4. Purposes for Collection, Use and Disclosure
Depending on the healthcare service provided, your Personal Health Information collected may include your name, date of birth, home address, phone number, height, weight, health conditions, prescription and medical history, the type of healthcare service received, name and contact information of prescribing or referring physician and name and contact information of any authorized agent acting on your behalf.
Your Personal Health Information collected is used in connection with providing healthcare services to you, which may include:
a) Dispensing your medications either in the pharmacy and providing initial and, where appropriate, on-going counseling with respect to your drug(s);
b) Delivering pharmacy professional services and, where appropriate, providing knowledge, information and counseling in connection with such services, such as immunization information, adaptation of prescriptions, initiation of prescriptions, medication reviews, etc.;
c) Communicating with you to advise you of prescription refills and other health-related information and services that may be of assistance or interest to you;
d) Delivering other professional services and treatments, including medication administration;
e) Consulting physicians and other healthcare professionals as needed;
f) Responding to requests made by, or on behalf of, your insurance provider to review your insurance claim(s);
g) Recommending programs, products, services or events to manage healthcare needs;
h) Managing your patient record, including medications dispensed and services or treatments provided;
i) Obtaining and processing payments for prescriptions and healthcare services;
j) Monitoring and investigating incidents and managing claims;
k) Performing our obligations in accordance with, or complying with, applicable healthcare-related professional, legal or regulatory requirements.

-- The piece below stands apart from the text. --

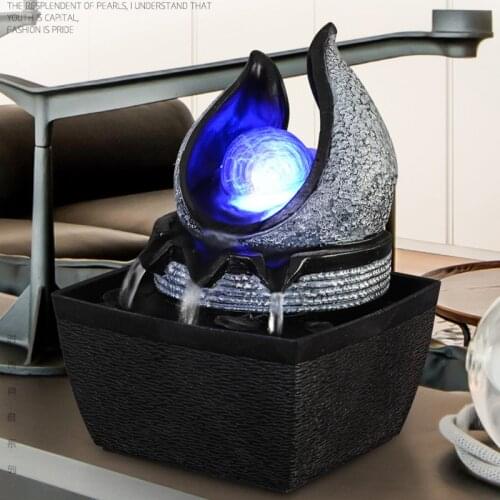 Home Perfect Tabletop Decoration Spring Water Sound Waterfall Fountain Water Landscape Company Wealth Feng Shui Ornaments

When you are provided with healthcare services, your Personal Health Information may be shared with your physicians and authorized representative(s). Your Personal Health Information may also be shared with others but only with your consent or as detailed in the Part A of this Policy.
Canadian law permits or requires the use or sharing of Personal Health Information without consent in specific circumstances, including situations when necessary to protect healthcare providers, employees, customers, or others.